We do not envy the Canadians. They have entrusted to their government a power Americans never would, and they follow it into foolishness.
. . .
British Columbia now bans all words and images "likely to expose a person … to hatred or contempt" because of race, religion, age, disability, sex, marital status or sexual orientation." This sounds like a libel law for groups, except that libel is a misstatement of fact that damages an individual reputation. In the United States, for a public figure to be libeled, the false statement has to be made maliciously or recklessly.The Canadian idea of hate speech is less specific and more dangerous. Hate is like obscenity, about which Supreme Court Justice Potter Stewart famously said, "I know it when I see it." The difference is that a ban on obscenity does not touch political discourse, and a ban on hate does.
. . .
Racial harmony in Canada would have been safer had the question never become official.

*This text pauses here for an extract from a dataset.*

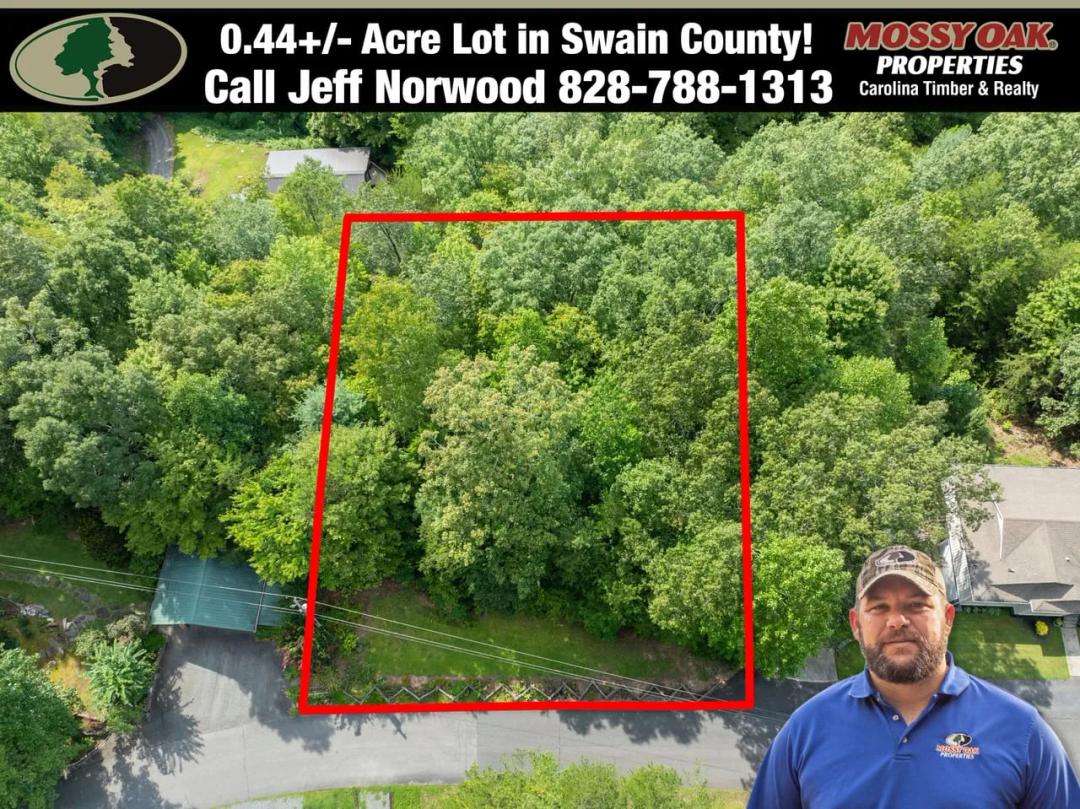 0.44+/- Acre Lot in Bryson City!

To understand the full import of this editorial, some background needs to be kept in mind, I think.
The Seattle Times is the newspaper of record in one of the most notoriously left-wing Democrat cities in the United States. Having lived there for four years in the late 1970s, I can attest that Wikipedia has it right:
Seattle's politics lean famously to the left compared to the U.S. as a whole. In this regard, it sits with a small set of similar U.S. cities (such as Madison, Wisconsin, Berkeley, California, and Cambridge, Massachusetts) where the dominant politics tend to range from center-left to social democratic. Seattle politics are generally dominated by the liberal wing (in the U.S. sense of the word "liberal") of the Democratic Party; in some local elections, Greens (and even, on at least one occasion, a member of the Freedom Socialist Party) have fared better than Republicans.
The journalistic voice of a hotbed of leftist American politics believes that Canada’s human rights codes have given unelected authorities arbitrary power to censor public discourse. That says a lot.